Pleco Trouble

chuckj

AC Members
Nov 11, 2004
41
0
0
Hi everyone -

I'd appreciate any thoughts on this. For some reason, I can't seem to keep pleco's in my water.

I had a 12 gallon eclipse system, which was way too small. I tried a couple in that tank and they all do the same thing. They would be active to start but then gradually become less active, not eat, and eventually die. I was a little ignorant at the time, I was putting small common plecos in the 12 gallon, but regardless, they didn't live.

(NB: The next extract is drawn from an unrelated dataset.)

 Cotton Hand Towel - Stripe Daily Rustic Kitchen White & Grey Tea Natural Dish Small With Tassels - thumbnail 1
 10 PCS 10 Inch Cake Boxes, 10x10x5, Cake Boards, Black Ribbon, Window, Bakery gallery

I've since upgraded to a 55 about 4 months ago, hoping for more stable water conditions, more space, etc. All my parameters are good, the other fish I have show no signs of stress, etc. I decided to try a small bristlenose pleco in the new tank. The same things happen. It gradually becomes less active and dies. I've put bottom feeder tabs, blanched cucumber, etc to be sure there was food available to him. I even got a piece of driftwood after reading they need in their diet. I've now had this happen to 2 bristlenoses. It is my understanding that the city water here is hard, but I don't have a test kit for hardness and I don't know if that would kill them.

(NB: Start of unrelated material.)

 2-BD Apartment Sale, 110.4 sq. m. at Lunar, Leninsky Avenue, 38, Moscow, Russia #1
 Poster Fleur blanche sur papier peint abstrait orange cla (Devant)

I'm assuming I'm just going to give up on the plecos! I have an oto in there now and he does a good job cleaning. Anyone else have similar experience. Is there something I'm missing?
 
For a start test you water for everything and make sure its perfect before you put in fish, i dont see how you can kill so many pleco's and not think that your water may be high in something??? :confused:
 
Re: Plec Trouble

Do you have a heater? My common Plec became inactive for a while when I first got him/her, but when I set my heater to about 76 degrees, he really perked up. This was a year ago, and he's thriving and growing in my 35 gal tank. Not sure if that was the only factor, but his perkiness coincided with the temp change. Good luck!
 
I test for everything but hardness.

Ammonia is 0
Nitrite is 0
Nitrate 10-20
PH is 7.4-7.6

I have two bala sharks, four cory cats, an oto, and a couple tetras (tetra's are transferred from the small tank). I haven't lost any other fish, and they don't even seem stressed or anything.

I have a heater and keep the tank around 79F. The pleco does seem to spend a large amount of time hanging around the heater, but i'd think 79 would be a decent temperature for a community tank from what I've read.

It has me puzzled (and frustrated!). If there were more signs of trouble, it would make more sense but it only seems to be the plecos..........so I don't know!